Why "blame"? What's inherently great about file systems that _must_ survive generations?

My father was a programmer in his COBOL years, and heavily user of text editors and all sorts of terminal-based systems in his job. He never "got" Windows, or graphic interfaces in general. The metaphor just didn't land.

>What's inherently great about file systems that _must_ survive generations?

Filesystems are one example which points to a lack of understanding of how computers work on a lower level. If you can't understand how things work on a lower level you can't repair or innovate on a lower level. Eventually shit breaks down and we're back to bear knives and flint skins.

I would ask -what's so great about NOT knowing about file systems?

  • File systems are an abstraction we created over disc storage. The discs don't care. They only know about sectors of, say, 4096 bits. It is not at all clear that a hierarchical structure of byte-records is the best abstraction to create over that storage.

  • File systems are not how "computers work on a lower level" - they're just a handy abstraction we (well, someone much smarter than me) introduced in the 70s. Like any abstraction, it's an imperfect and incomplete metaphor to something else.

    As an example of "how it actually works", when I had my first computer, I had to manually defrag disks all the time, otherwise they'd get screwed faster. Modern OSes eventually paved over that detail, so you don't have to know how to do that. That prevents you from repairing a fragged disk, or innovating at a lower level. And it doesn't really matter.
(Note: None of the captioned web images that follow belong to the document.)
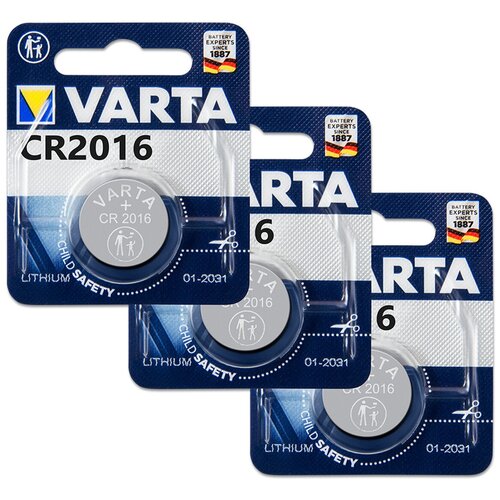 Батарейка CR2016 3V Varta Blister, 3 шт.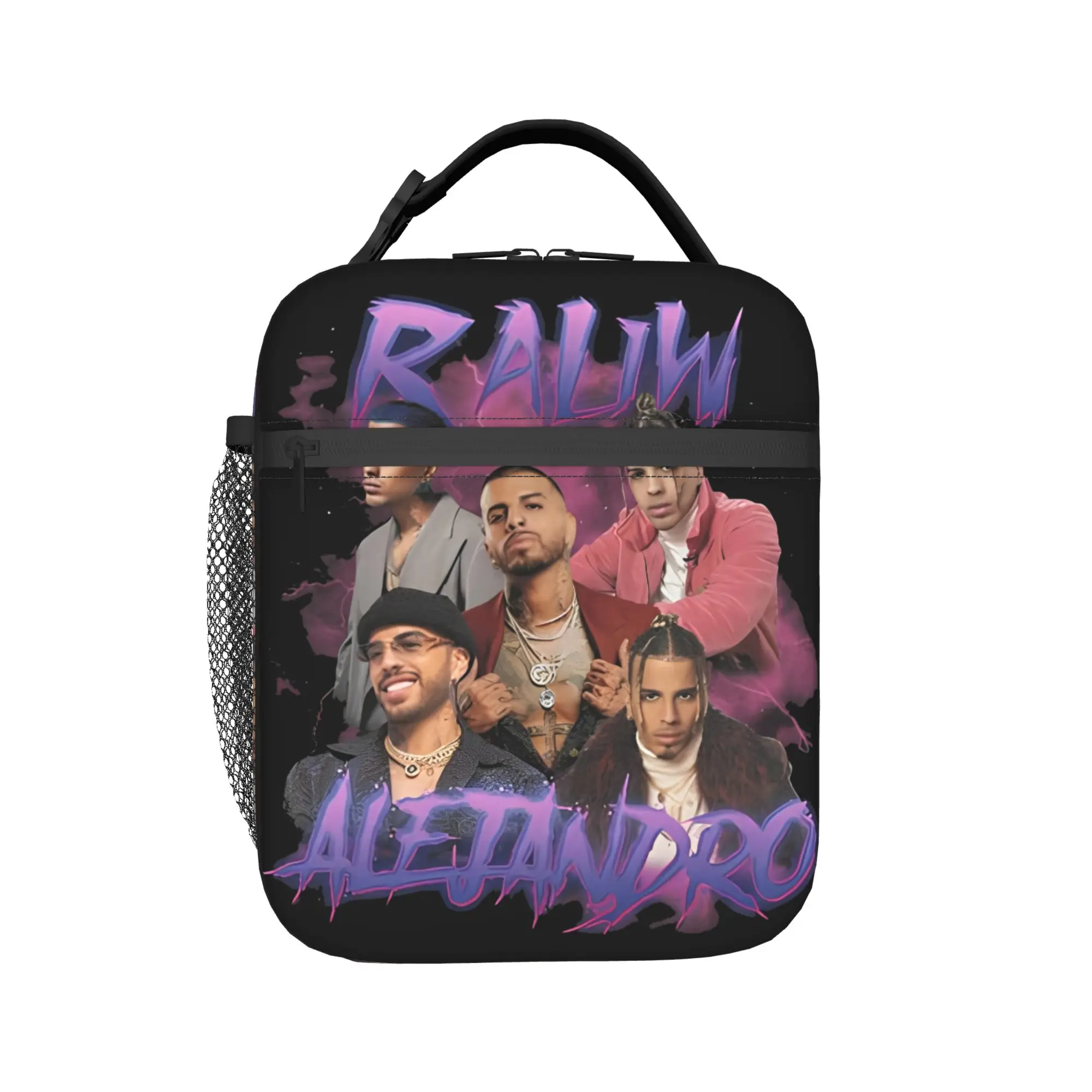 Insulated Lunch Bags Rauw Alejandro rapper singer Product  Lunch Container Y2K Cooler Thermal Bento Box For School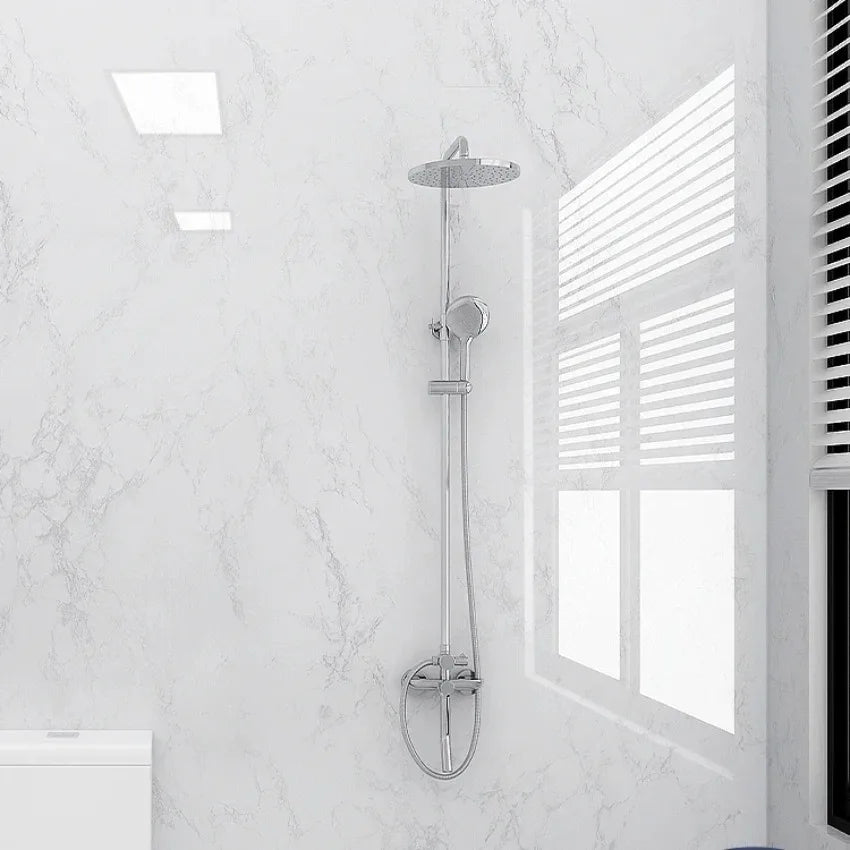 Wallpaper Roll with 10 Meters Waterproof Mould Proof Stickers Bathrooms Kitchen Renovation Marble Self-adhesive Home Decor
    • > And it doesn't really matter.

      Okay. Defragging your disk prepares you to understand the concept of heap fragmentation later on in life. Understanding heap fragmentation and how to avoid it, how to compact segments, how to allocate smartly, allows you to write MUCH MUCH faster and higher quality software.

      Today, there are a hundred thousand Zoomer developers spraying exabytes of poorly allocated objects all over the heaps of millions of production systems.

      We frequently lament the fact that our standard Office applications run slower on 16 core, 4GHz machines than they did on a 66MHz 486DX, then we proceed to claim that the towers of abstractions we've built and the complete ignorance of the underlying hardware "doesn't really matter".